3月3日には、松井健(neu Ken Matsui)氏と名乗る人物が「責任者」として謝罪文を出しました。しかし、これまで溝口氏が前面に出ていたこともあり、ネット上では「人柱を立てただけではないか」「トカゲの尻尾切りだ」といった冷ややかな見方が大勢を占めています。

Web3と政治の危うい境界線

「民意を政策に届ける」というコンセプト自体は立派ですが、そこに「現職首相のブランド」を無断で借りるというショートカットを選んだことが、今回の致命的なミスと言えるでしょう。

政治×Web3の可能性を信じていたユーザーにとっても、非常に残念なニュースとなりました。金融庁の調査が今後どう進むのか、注視が必要です。

まとめ:Web3という名の「有名人ガチャ」

「Web3で民主主義をアップデート」なんて、耳ざわりのいい言葉を並べ立てた結果がこれ。結局のところ、やっていることは「勝手に名前を拝借した有名人商法」という、驚くほど昭和なやり口でした。

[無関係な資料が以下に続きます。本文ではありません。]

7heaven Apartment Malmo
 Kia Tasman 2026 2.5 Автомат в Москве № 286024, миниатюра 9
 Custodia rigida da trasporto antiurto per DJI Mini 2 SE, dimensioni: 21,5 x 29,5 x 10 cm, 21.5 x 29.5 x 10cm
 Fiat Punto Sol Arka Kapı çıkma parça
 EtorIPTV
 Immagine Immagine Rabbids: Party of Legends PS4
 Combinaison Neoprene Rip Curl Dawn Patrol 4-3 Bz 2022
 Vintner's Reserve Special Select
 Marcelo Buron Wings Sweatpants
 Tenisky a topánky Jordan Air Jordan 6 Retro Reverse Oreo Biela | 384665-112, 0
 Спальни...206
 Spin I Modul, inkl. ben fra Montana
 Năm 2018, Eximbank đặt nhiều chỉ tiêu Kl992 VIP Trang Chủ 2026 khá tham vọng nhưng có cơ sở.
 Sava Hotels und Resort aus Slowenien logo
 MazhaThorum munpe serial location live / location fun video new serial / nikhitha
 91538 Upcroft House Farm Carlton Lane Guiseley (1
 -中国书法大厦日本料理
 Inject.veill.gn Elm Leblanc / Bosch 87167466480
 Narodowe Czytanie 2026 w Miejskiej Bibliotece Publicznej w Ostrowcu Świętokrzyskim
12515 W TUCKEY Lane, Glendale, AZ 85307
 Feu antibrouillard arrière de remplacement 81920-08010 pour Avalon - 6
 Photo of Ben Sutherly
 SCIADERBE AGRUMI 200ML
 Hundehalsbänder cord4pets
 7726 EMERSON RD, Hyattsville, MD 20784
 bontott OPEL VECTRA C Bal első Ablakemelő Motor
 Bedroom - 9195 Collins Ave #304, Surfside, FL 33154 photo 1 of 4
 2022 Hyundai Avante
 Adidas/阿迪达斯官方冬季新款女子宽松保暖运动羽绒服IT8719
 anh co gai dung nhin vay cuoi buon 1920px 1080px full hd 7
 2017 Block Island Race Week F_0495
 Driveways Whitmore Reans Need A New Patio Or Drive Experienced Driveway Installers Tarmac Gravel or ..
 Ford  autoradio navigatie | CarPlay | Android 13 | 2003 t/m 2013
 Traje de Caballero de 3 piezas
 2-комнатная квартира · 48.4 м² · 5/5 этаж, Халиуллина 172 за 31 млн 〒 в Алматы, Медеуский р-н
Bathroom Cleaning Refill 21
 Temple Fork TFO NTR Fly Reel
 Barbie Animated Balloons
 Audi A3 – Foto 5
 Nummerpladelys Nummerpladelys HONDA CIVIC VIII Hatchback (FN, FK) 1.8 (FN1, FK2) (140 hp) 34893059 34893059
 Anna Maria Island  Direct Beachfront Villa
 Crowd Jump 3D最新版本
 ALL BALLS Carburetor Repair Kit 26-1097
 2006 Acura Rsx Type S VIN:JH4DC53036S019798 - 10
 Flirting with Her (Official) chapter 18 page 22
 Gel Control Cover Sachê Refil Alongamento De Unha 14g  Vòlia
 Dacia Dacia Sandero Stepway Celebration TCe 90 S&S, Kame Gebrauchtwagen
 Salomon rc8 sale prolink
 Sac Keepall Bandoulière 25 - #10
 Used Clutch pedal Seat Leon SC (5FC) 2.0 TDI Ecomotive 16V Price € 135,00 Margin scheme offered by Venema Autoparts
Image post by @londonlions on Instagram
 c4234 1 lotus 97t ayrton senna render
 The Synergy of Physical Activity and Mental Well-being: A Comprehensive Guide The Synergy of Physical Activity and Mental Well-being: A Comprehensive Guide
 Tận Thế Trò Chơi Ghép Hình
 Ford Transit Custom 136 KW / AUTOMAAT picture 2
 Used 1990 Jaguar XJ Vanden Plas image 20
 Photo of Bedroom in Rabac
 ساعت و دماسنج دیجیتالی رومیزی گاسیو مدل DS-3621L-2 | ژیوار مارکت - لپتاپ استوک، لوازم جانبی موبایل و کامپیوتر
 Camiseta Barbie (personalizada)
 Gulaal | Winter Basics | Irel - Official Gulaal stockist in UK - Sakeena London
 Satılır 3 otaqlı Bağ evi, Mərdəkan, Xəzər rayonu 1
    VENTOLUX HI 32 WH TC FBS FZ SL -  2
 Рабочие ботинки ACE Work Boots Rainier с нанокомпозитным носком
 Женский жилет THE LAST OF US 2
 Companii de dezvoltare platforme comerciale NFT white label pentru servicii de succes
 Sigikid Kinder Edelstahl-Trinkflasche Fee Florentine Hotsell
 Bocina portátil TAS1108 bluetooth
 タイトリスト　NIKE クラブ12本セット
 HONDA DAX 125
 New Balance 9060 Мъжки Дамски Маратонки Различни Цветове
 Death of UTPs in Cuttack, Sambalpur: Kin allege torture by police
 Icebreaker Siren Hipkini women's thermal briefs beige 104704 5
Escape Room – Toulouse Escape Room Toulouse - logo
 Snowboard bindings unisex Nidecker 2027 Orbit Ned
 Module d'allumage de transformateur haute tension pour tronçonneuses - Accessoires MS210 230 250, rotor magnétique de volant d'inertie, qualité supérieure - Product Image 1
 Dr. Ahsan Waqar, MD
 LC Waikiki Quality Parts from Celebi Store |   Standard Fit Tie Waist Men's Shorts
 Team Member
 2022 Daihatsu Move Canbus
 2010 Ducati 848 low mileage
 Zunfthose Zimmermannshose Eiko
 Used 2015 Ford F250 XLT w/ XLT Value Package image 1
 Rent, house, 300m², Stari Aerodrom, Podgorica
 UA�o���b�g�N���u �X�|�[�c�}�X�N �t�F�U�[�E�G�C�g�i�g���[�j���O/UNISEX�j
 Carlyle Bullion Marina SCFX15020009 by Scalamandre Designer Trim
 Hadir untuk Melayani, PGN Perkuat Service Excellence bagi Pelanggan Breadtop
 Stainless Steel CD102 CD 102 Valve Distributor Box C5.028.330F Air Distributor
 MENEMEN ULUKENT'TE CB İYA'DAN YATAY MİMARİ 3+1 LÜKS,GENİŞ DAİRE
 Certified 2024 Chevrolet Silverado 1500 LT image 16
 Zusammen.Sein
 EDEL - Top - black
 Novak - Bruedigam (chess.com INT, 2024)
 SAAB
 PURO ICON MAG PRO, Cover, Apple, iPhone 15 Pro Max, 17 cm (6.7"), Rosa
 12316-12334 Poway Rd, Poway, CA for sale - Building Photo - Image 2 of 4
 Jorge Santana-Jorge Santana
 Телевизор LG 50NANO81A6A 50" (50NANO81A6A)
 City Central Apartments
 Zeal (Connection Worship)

インフルエンサー界隈の「とりあえず盛り上げて、ヤバくなったら動画を消す」というムーブも、今回は相手が国家権力のトップ、しかも現職首相。さすがに「ノリでした」では済まされない領域に踏み込んでしまったようです。

「高市さんとコミュニケーションを取っている」という発言が本当だったのか、それともただの“願望”だったのか。どちらにせよ、突如現れた「責任者」の松井さんが、無事にトカゲの尻尾としての役割を全うできるのか、あるいは金融庁という大きな波に飲み込まれるのか。

この騒動、Web3の未来を語る前に、まずは「大人のコンプライアンス」から学び直したほうがよさそうですね。